Croatian court rejects Miksic's appeal
 

Ivo Scepanovic, Special To The Star Tribune
January 6, 2005 CROA0106

SPLIT, CROATIA -- The Croatian Constitutional Court on Wednesday turned down the election appeal of Minnesota businessman and Croatian presidential candidate Boris Miksic.

The court concluded that Miksic's claims that he was cheated in Sunday's election were groundless.

"Boris Miksic did not present evidence for his claim that there were irregularities during the presidential elections," the court said, rejecting his request for a recount.

The court in Zagreb, the capital, also rejected Miksic's appeal on the fact that his observers were not allowed to be present as the State Election Commission tabulated votes on Sunday.

The court accepted the commission's explanation that the law requires the admittance only of representatives of political parties, nongovernment organizations and foreign observers during the counting of votes. Such a right has not been anticipated for representatives of independent candidates, such as Miksic, unless they do it via nongovernment organizations.

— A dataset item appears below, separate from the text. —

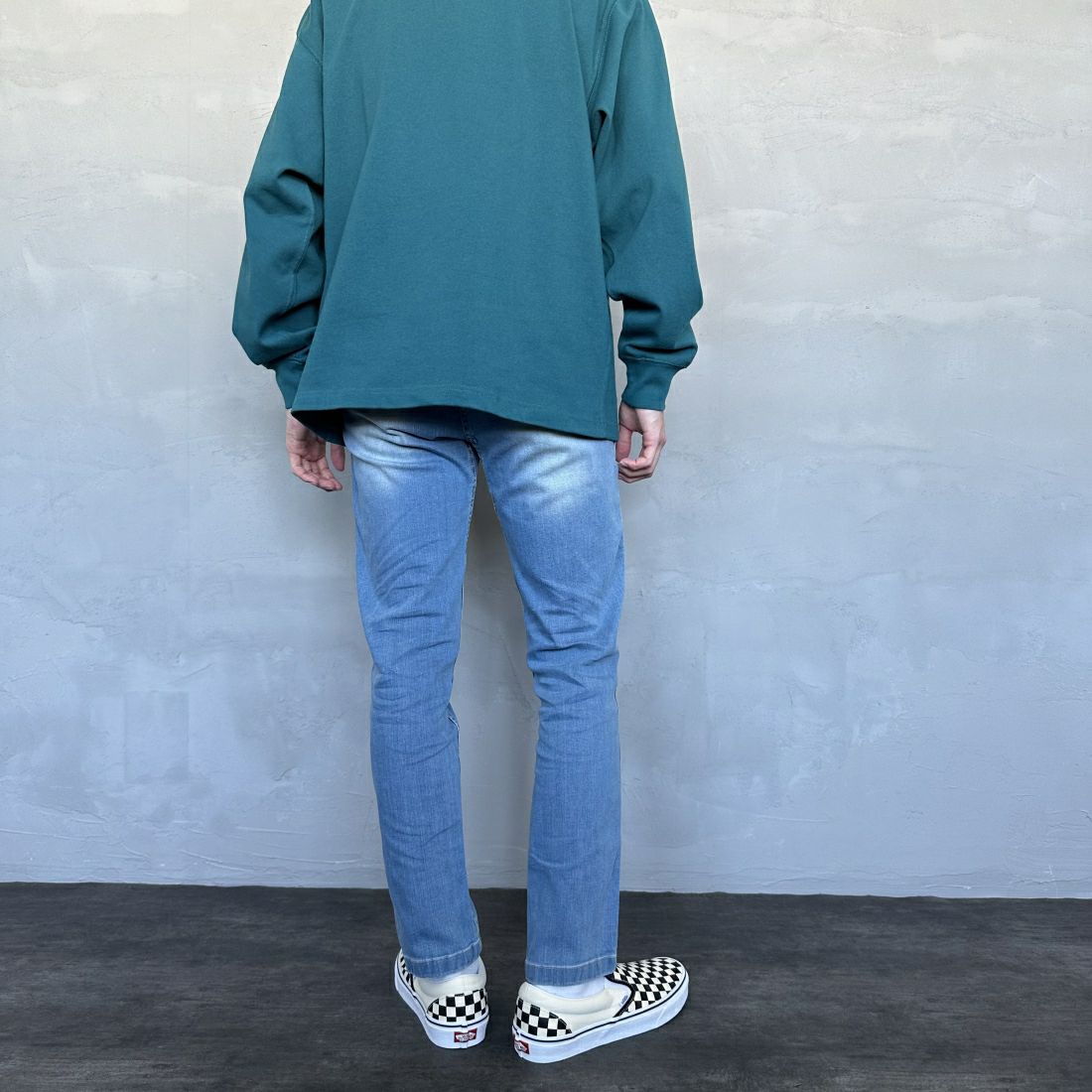 GRAMiCCi [グラミチ] ストレッチデニムNNパンツ タイトクロップド [G113-OGSD] MEDIUM USE &&モデル身長：168cm 着用サイズ：S&&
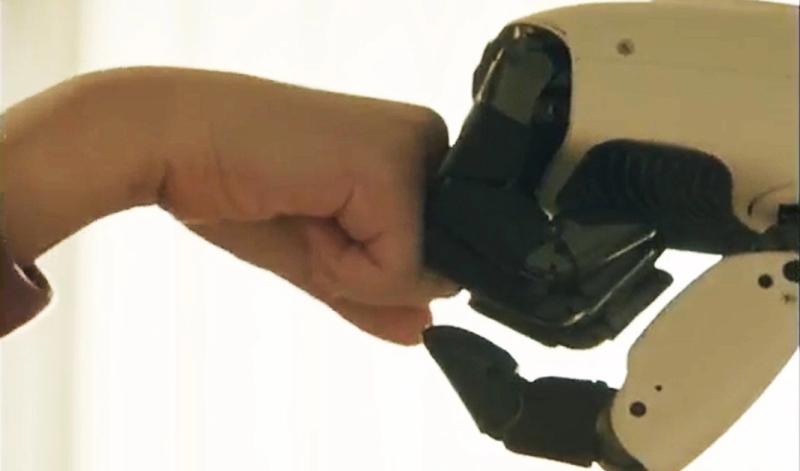 LG представить на CES 2026 робота-помічника CLOiD з високотехнологічними руками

Speaking at a news conference in Split before the court released its ruling, Miksic said he would abide by the decision.

Miksic, who lives in North Oaks and holds U.S. and Croatian citizenship, also told his supporters something they wanted to hear: "I'll definitely stay in politics."

He said he will participate in local elections scheduled for April and pledged to provide more details at a public rally he has scheduled for Friday in Zagreb.

Miksic finished third in Sunday's election with 17.8 percent of the vote, barely missing out on a spot in a Jan. 16 runoff election with the first-place finisher, President Stipe Mesic.

Miksic cited the absentee vote as evidence of fraud. In voting abroad, including the United States, Miksic got only 9.9 percent of the vote.

"It is hard to understand that my percentage of votes was much better here in Croatia than, for example, in the United States," said Miksic, who left the Balkan region in 1973.